• [ABOUT THIS EXERCISE]: Copy nothing but the text: reproduce each line of the listing exactly and leave the pictures out.

• [INFORMATION SHOWN]:
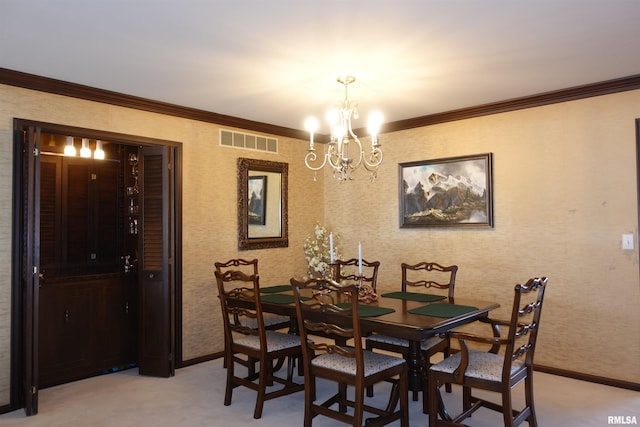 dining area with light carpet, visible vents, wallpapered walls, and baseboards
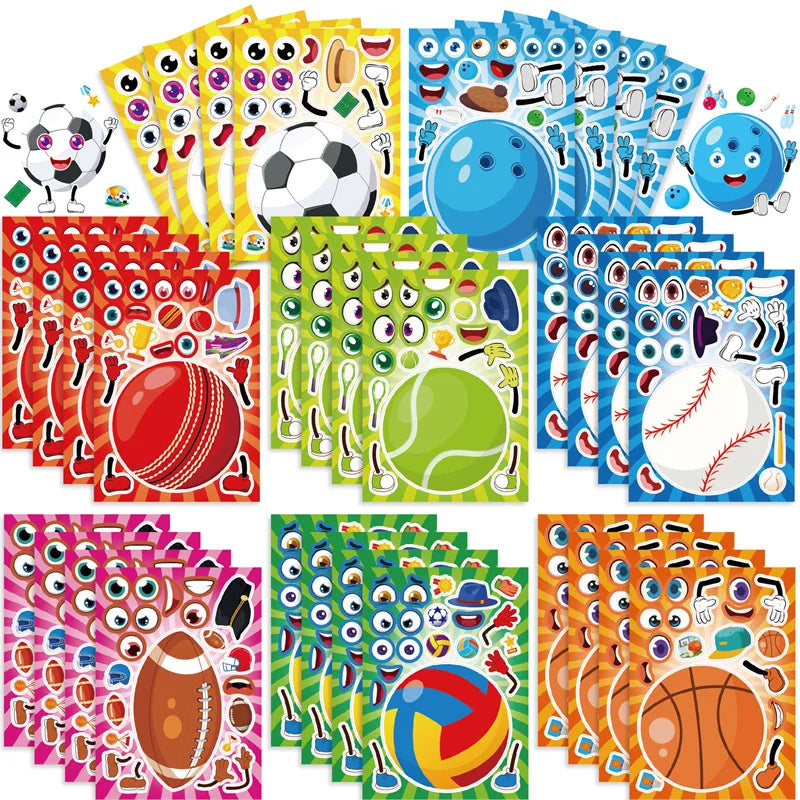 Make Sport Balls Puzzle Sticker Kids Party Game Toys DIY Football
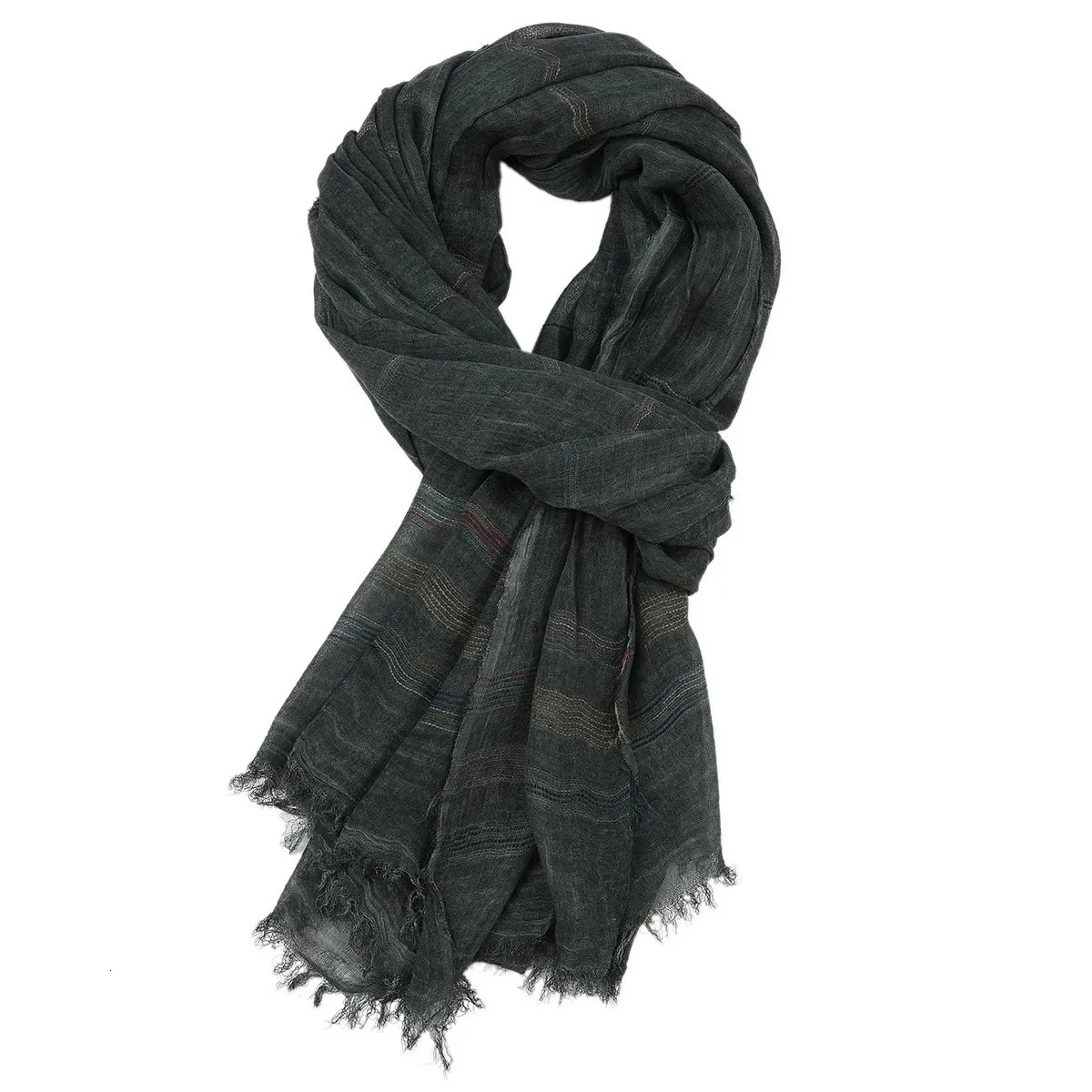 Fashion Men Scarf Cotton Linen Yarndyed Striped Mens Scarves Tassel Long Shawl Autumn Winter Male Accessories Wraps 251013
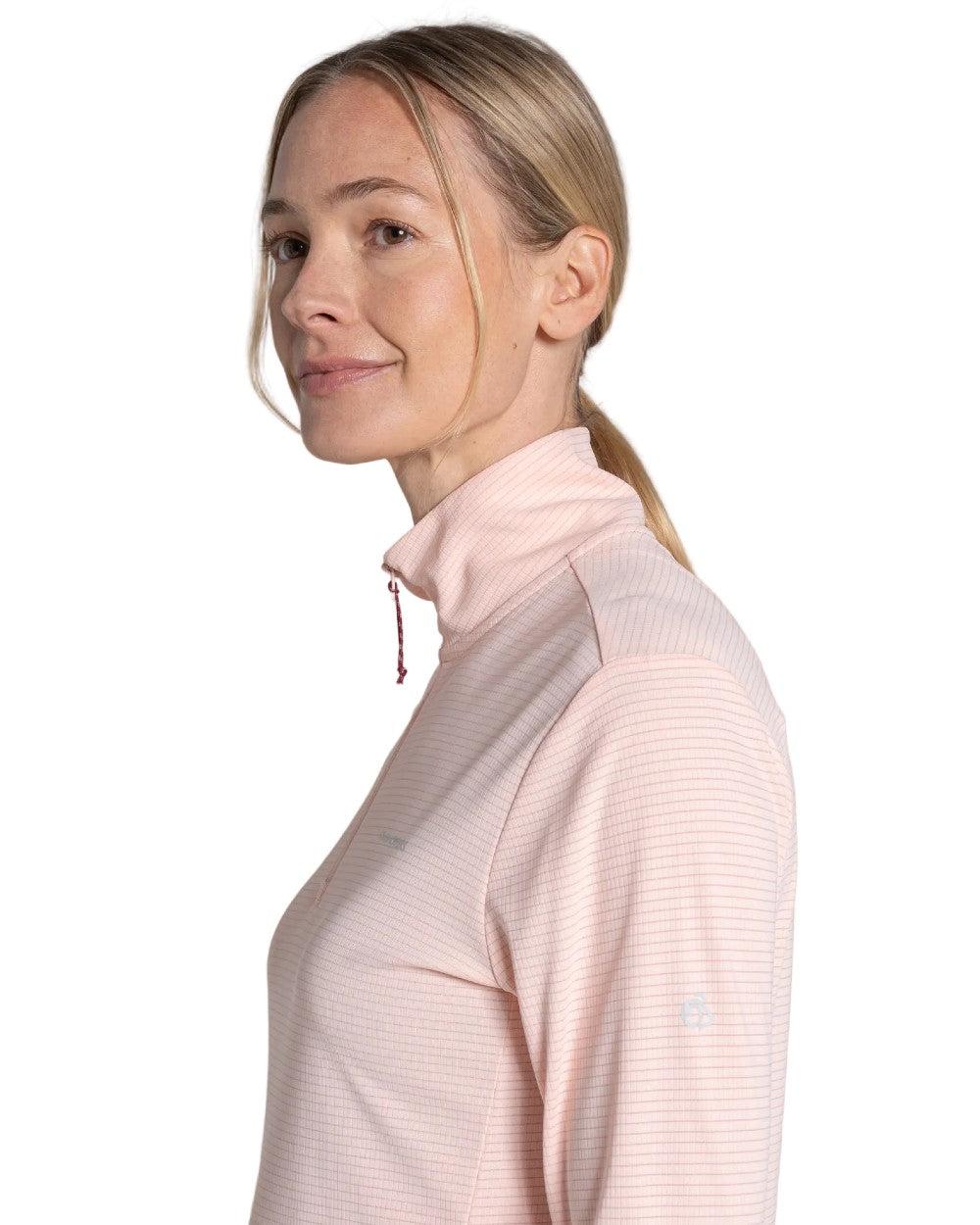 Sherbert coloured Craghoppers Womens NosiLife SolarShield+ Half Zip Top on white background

• [ANSWER SPACE]:
 dining area with light carpet, visible vents, wallpapered walls, and baseboards
 Make Sport Balls Puzzle Sticker Kids Party Game Toys DIY Football
 Fashion Men Scarf Cotton Linen Yarndyed Striped Mens Scarves Tassel Long Shawl Autumn Winter Male Accessories Wraps 251013
 Sherbert coloured Craghoppers Womens NosiLife SolarShield+ Half Zip Top on white background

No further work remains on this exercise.